В воздухе тихо — ни ветриночки. Оттого деревенские звуки густо наполняли его. Блеяли возвращающиеся с пастбища овцы, на все лады звякали коровьи ботала, доносились удары колотушек — пастухи давали знать, что пришло время запускать коров, погромыхивали колодезные вороты, взлаивали потревоженные псы, где-то раздавались бесшабашные возгласы упившегося забулдыги. И редкие людские оклики тоже звучали по-деревенски.

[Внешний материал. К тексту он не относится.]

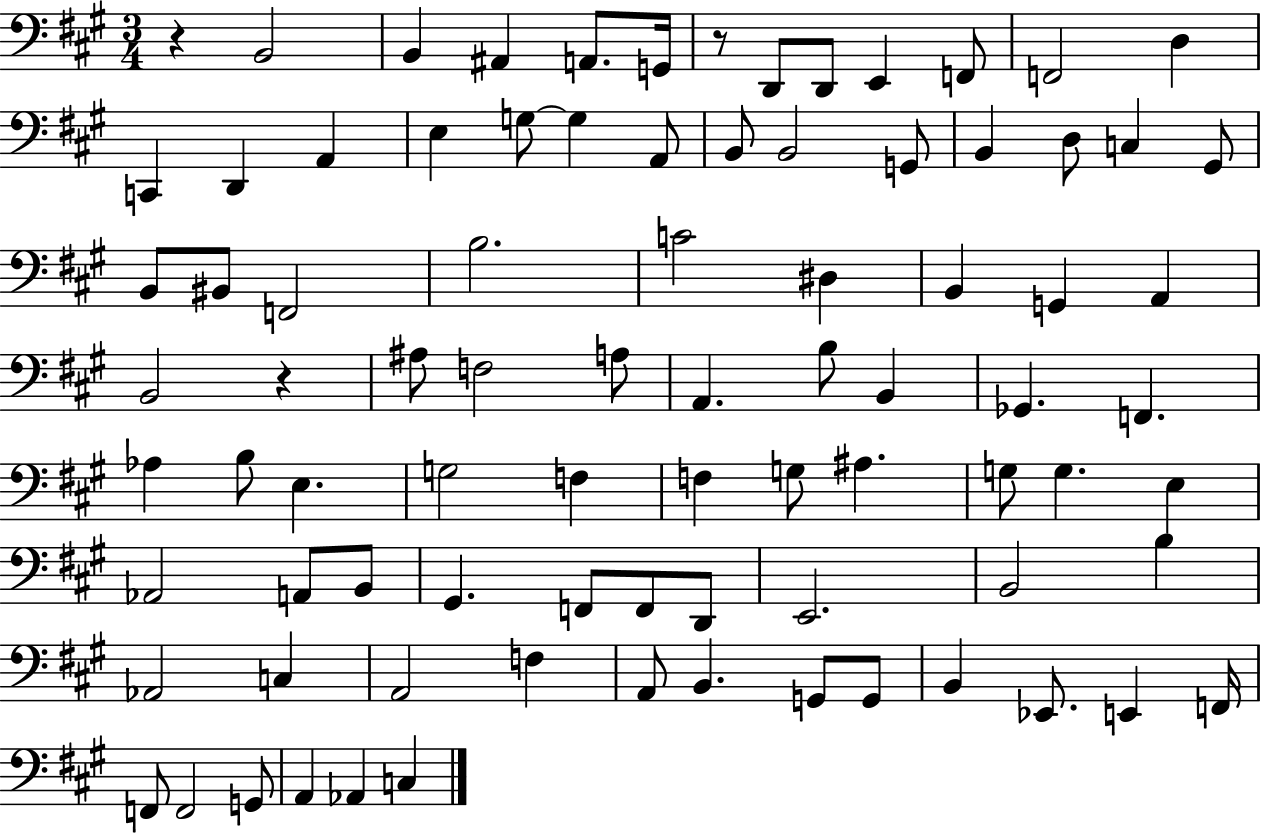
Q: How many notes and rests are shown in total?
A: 85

Громко, надсадно.

— Вы знаете, я возненавидела наш пруд, — заговорила Светлана.

— И в этом виноват я? — мгновенно среагировал Николай.

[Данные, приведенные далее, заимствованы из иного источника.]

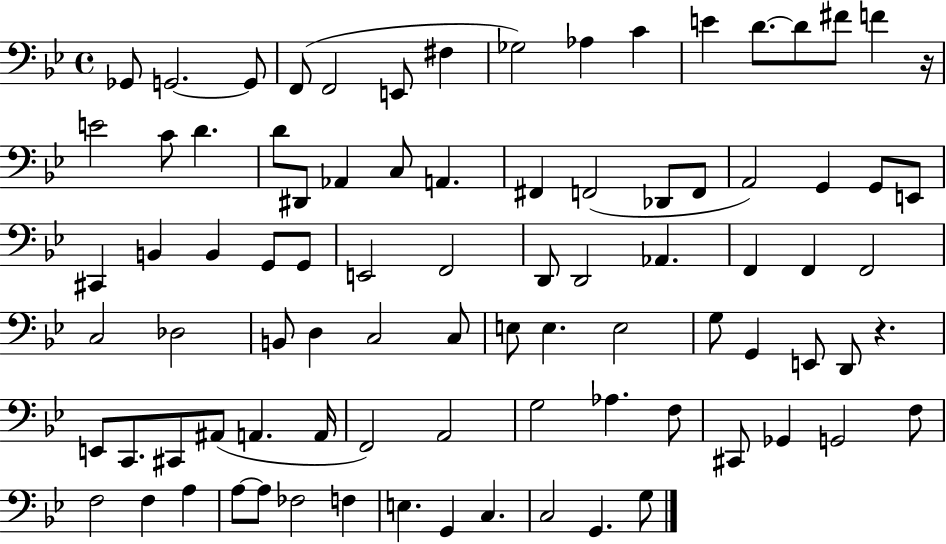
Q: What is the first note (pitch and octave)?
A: Gb2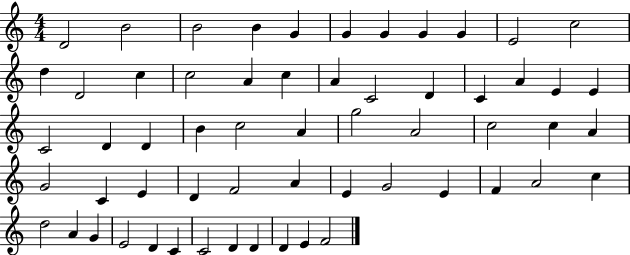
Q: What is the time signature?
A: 4/4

— Да, — бесхитростно подтвердила Светлана. — Я очень… Страшно стало мне тогда… Страшно и тяжело…

— Спасибо.

— Что тяжело?

— Что я не безразличен вам.

— Этого мало…

— Правда?

— Правда…

Николай ушам своим не поверил. Светлана ли это? Скромная, порой даже застенчивая — и вдруг… Сердце его зашлось от нежности и признательности к этому милому, непосредственному существу, которое при всей обреченности их отношений, зная наперед, что будущего у них нет, признается в самых сокровенных чувствах. Взял ее руку, сжал тонкие пальцы и ощутил, как обжигающая волна пошла по всему телу.

— Мы сегодня видимся последний раз в жизни, — заговорила Светлана, когда, пройдя узеньким проулочком, свернули к дороге, с обеих сторон которой уже горбились стога сена, — буйно, тучно росли этим летом травы. Еще не опустившееся солнце рясно пестрило и тропку, и траву, и деревья поодаль. — Могу я рассчитывать на полную откровенность?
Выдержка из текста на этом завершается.